• Task directions: From the first line down to the one containing "Twill Bomber Jacket", reproduce the entries below exactly and leave out the pictures.
━━ Task input
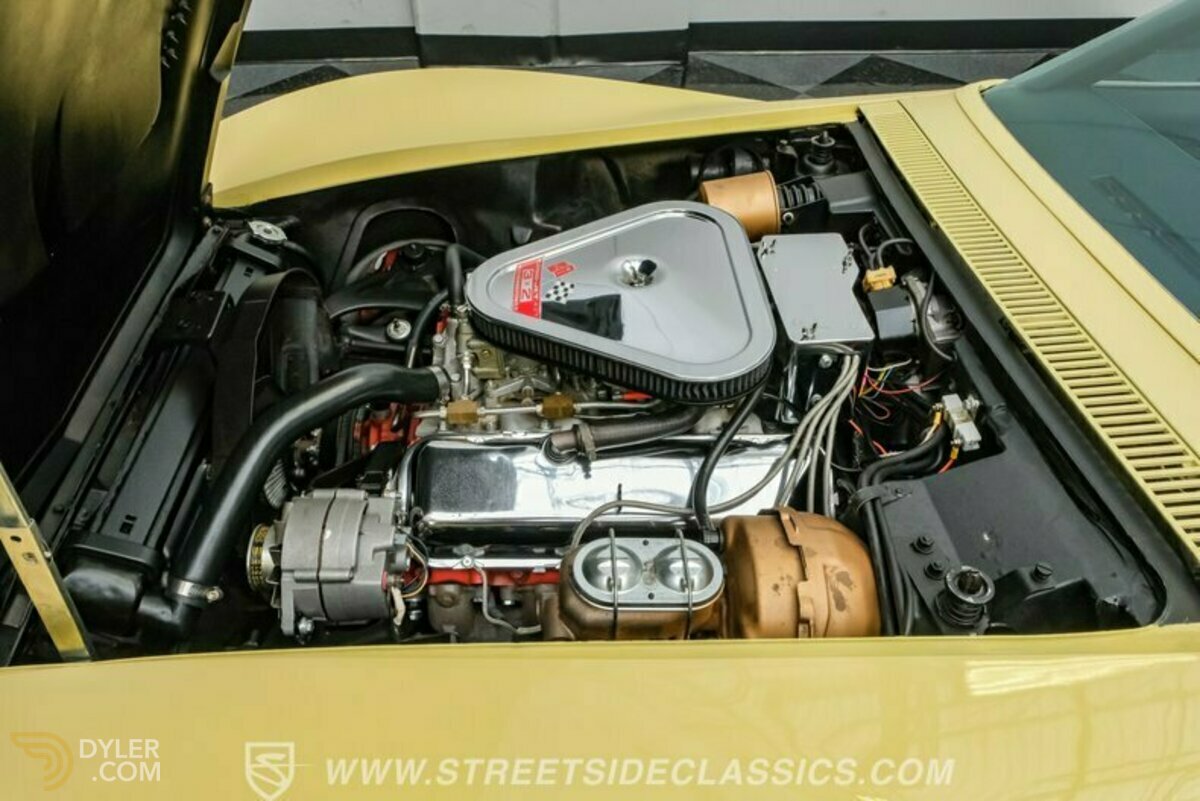 1968 Chevrolet Corvette 427 Tri-Power Convertible, foto 3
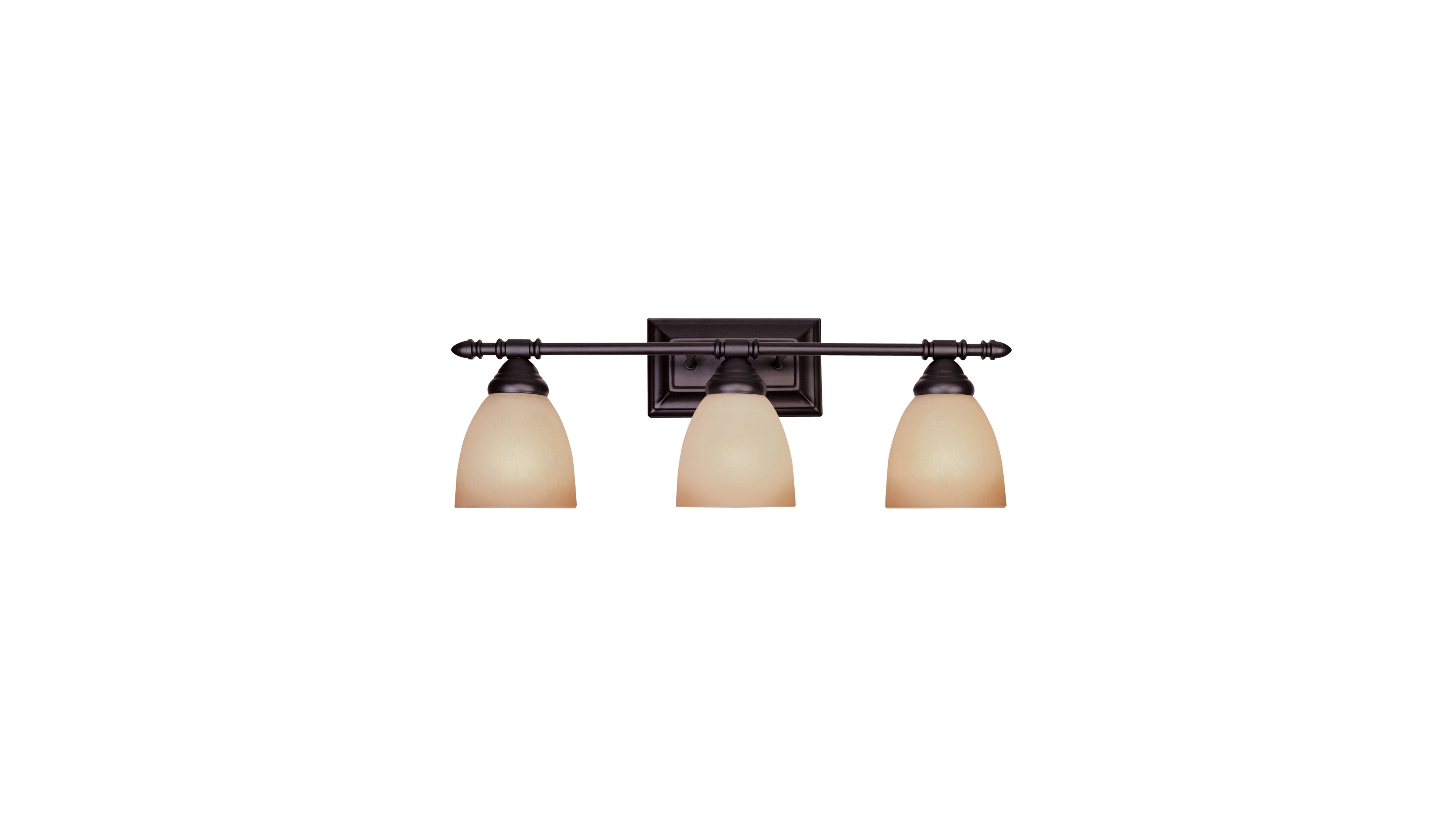 Designers Fountain Apollo 3 Light Bath Bar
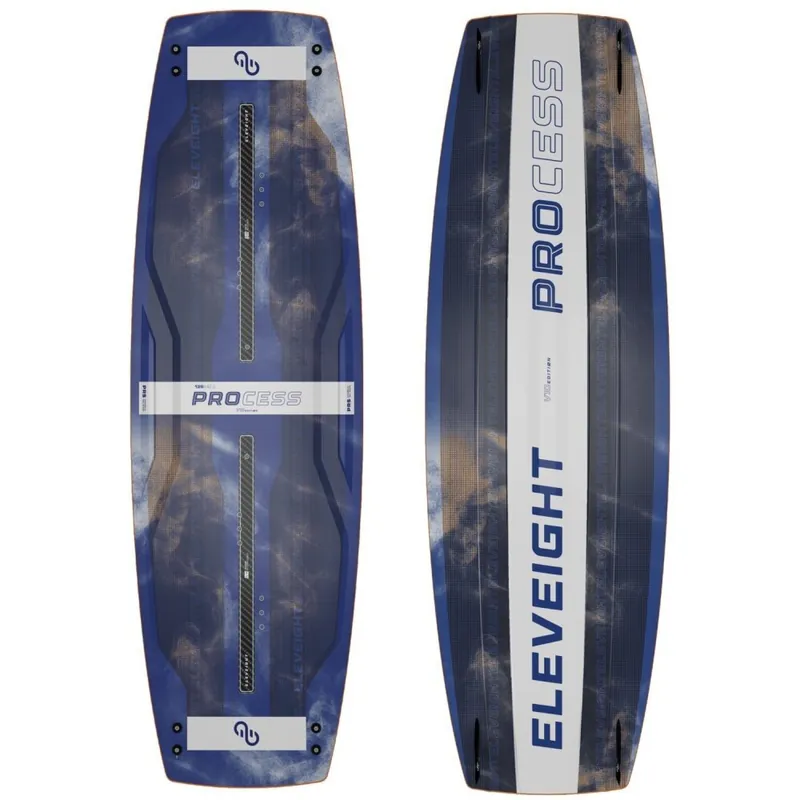 Eleveight Process V10 Freeride Kiteboard (Deck + Fins) 2027 Preisreduziert
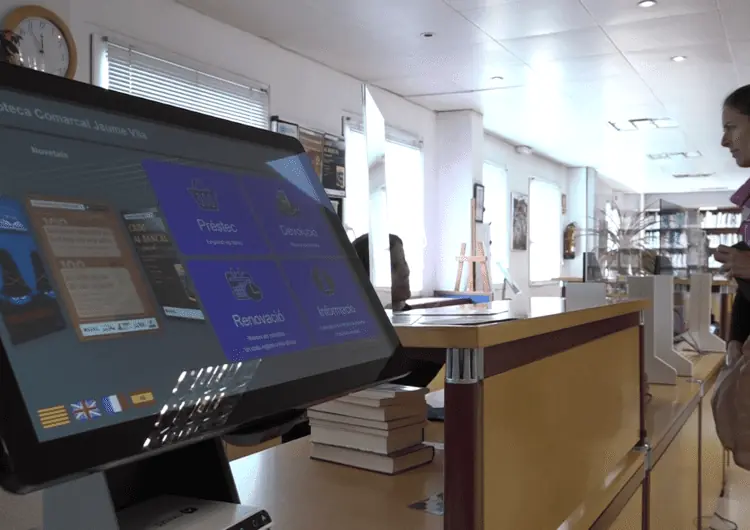 La Biblioteca de Mollerussa posa en marxa el servei d’autopréstec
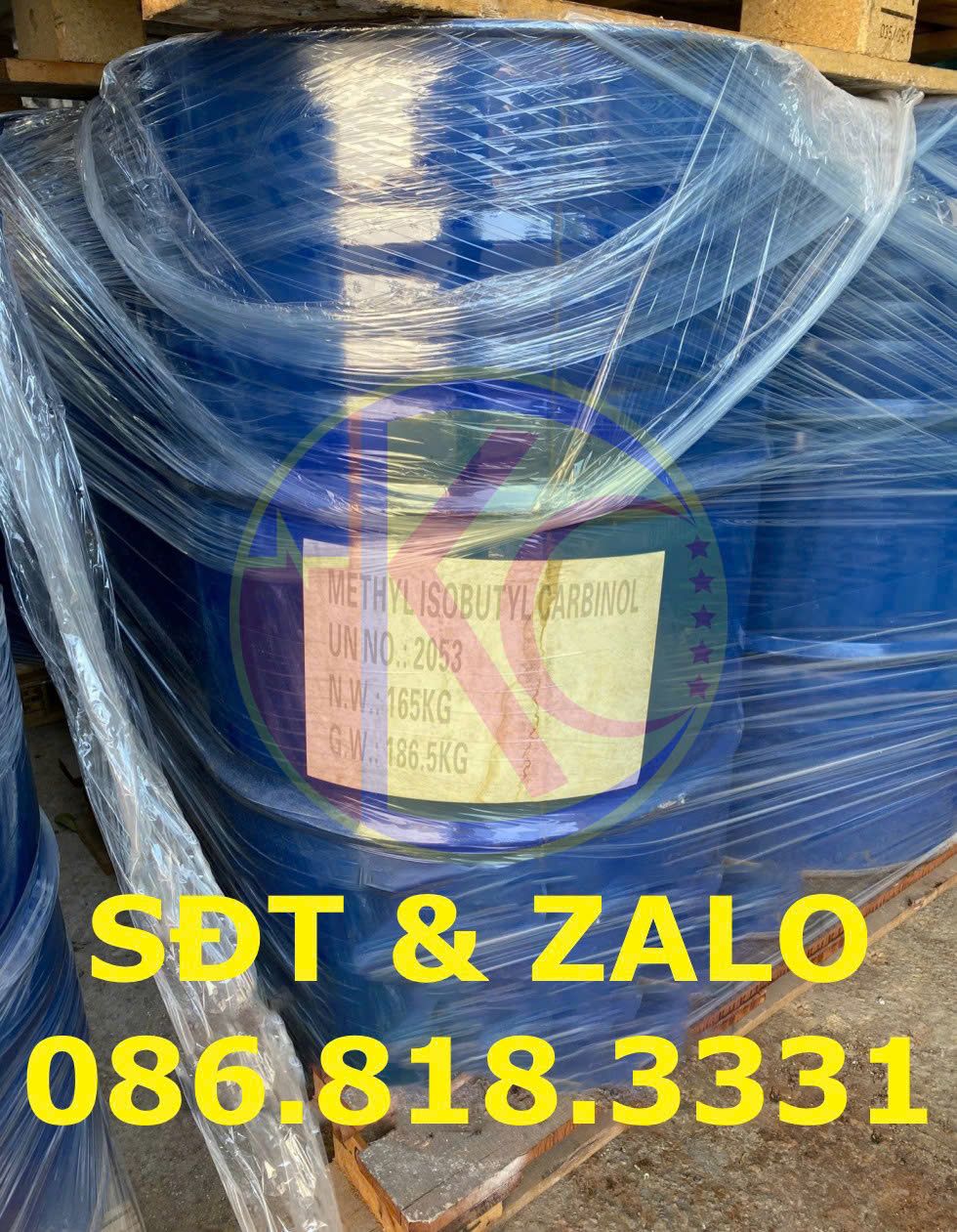  MIBC – Methyl Isobutyl Carbinol – C6H14O 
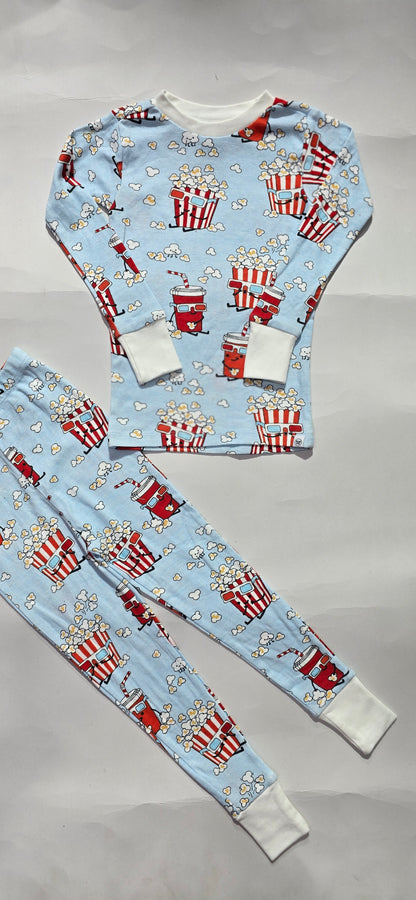 Baby's Pant Set – blue pop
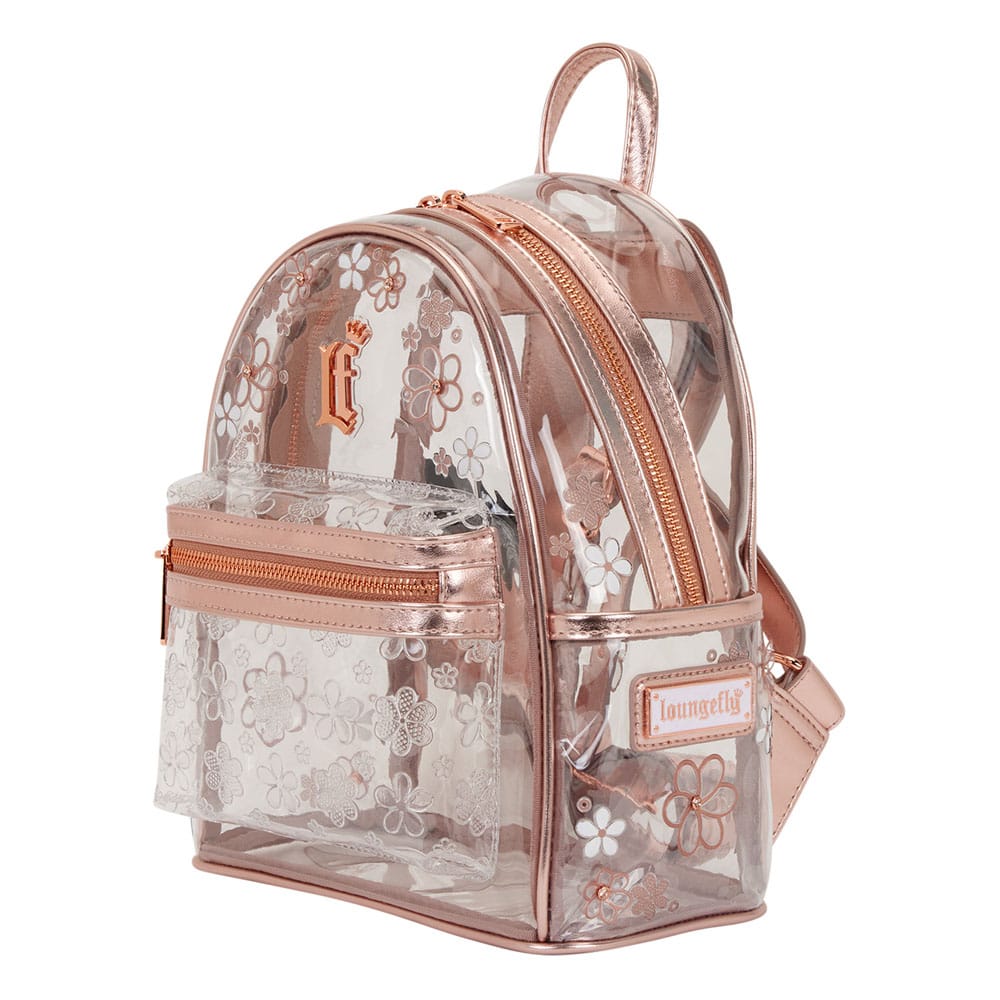 Loungefly Mini Backpack Clear Floral P066393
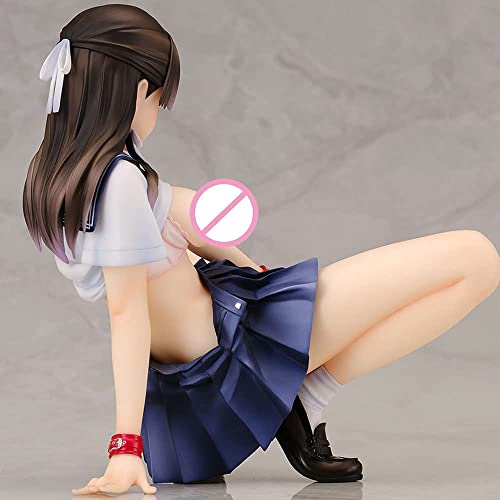 Ecchi Waifu Character The Girls Secret Delusion 1/6 School Girl Anime Statues Gift
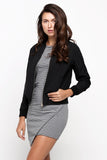 Twill Bomber Jacket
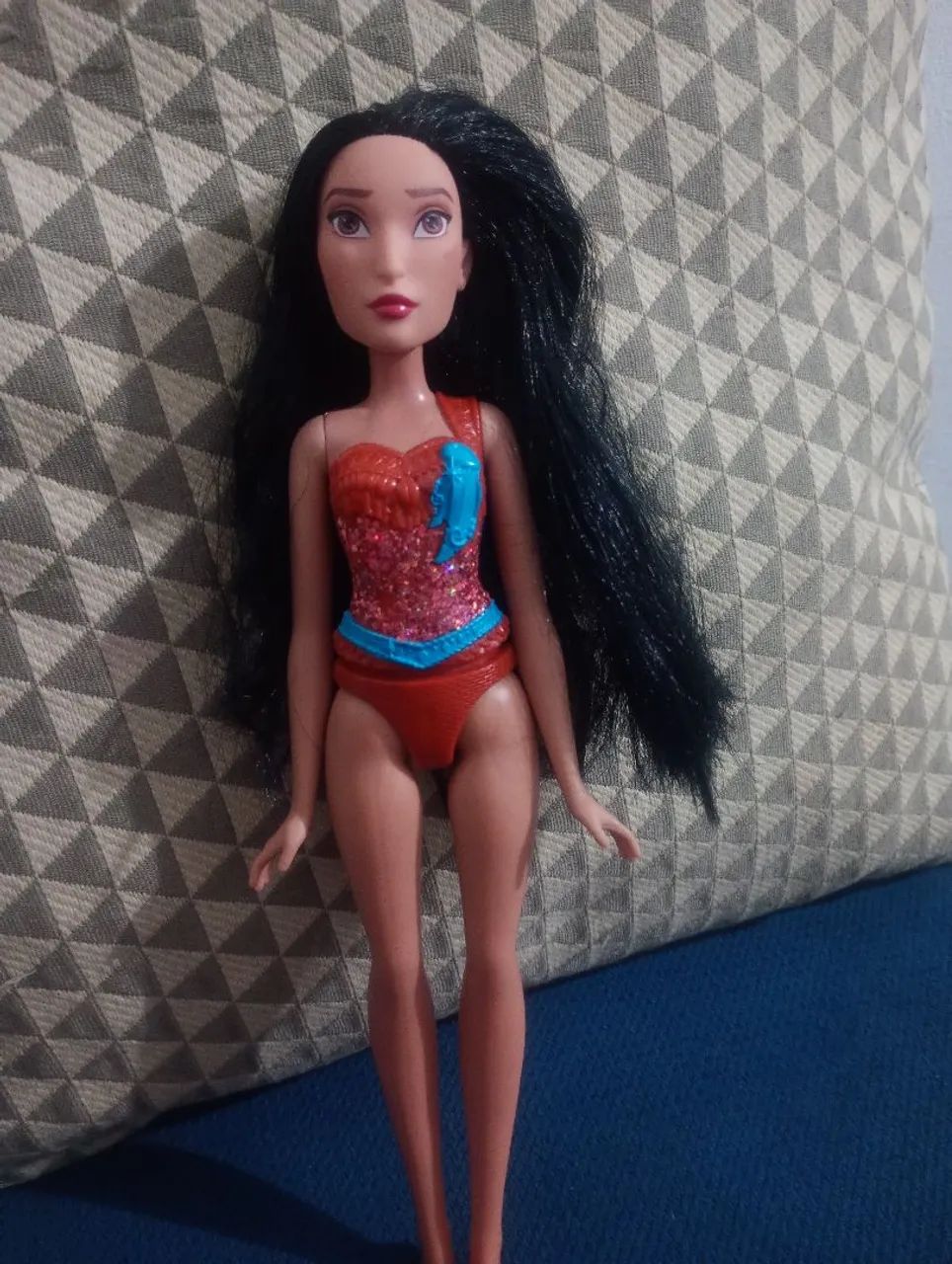 Princesa Pocahontas Royal shimmer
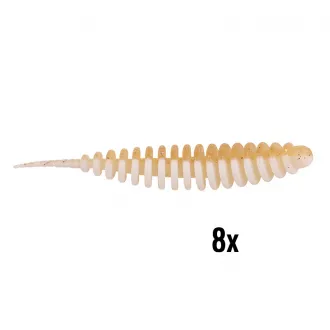 Spro Trout Master Master Worm 65 mm Gold Glitter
━━━━
• Solution:
 1968 Chevrolet Corvette 427 Tri-Power Convertible, foto 3
 Designers Fountain Apollo 3 Light Bath Bar
 Eleveight Process V10 Freeride Kiteboard (Deck + Fins) 2027 Preisreduziert
 La Biblioteca de Mollerussa posa en marxa el servei d’autopréstec
  MIBC – Methyl Isobutyl Carbinol – C6H14O 
 Baby's Pant Set – blue pop
 Loungefly Mini Backpack Clear Floral P066393
 Ecchi Waifu Character The Girls Secret Delusion 1/6 School Girl Anime Statues Gift
 Twill Bomber Jacket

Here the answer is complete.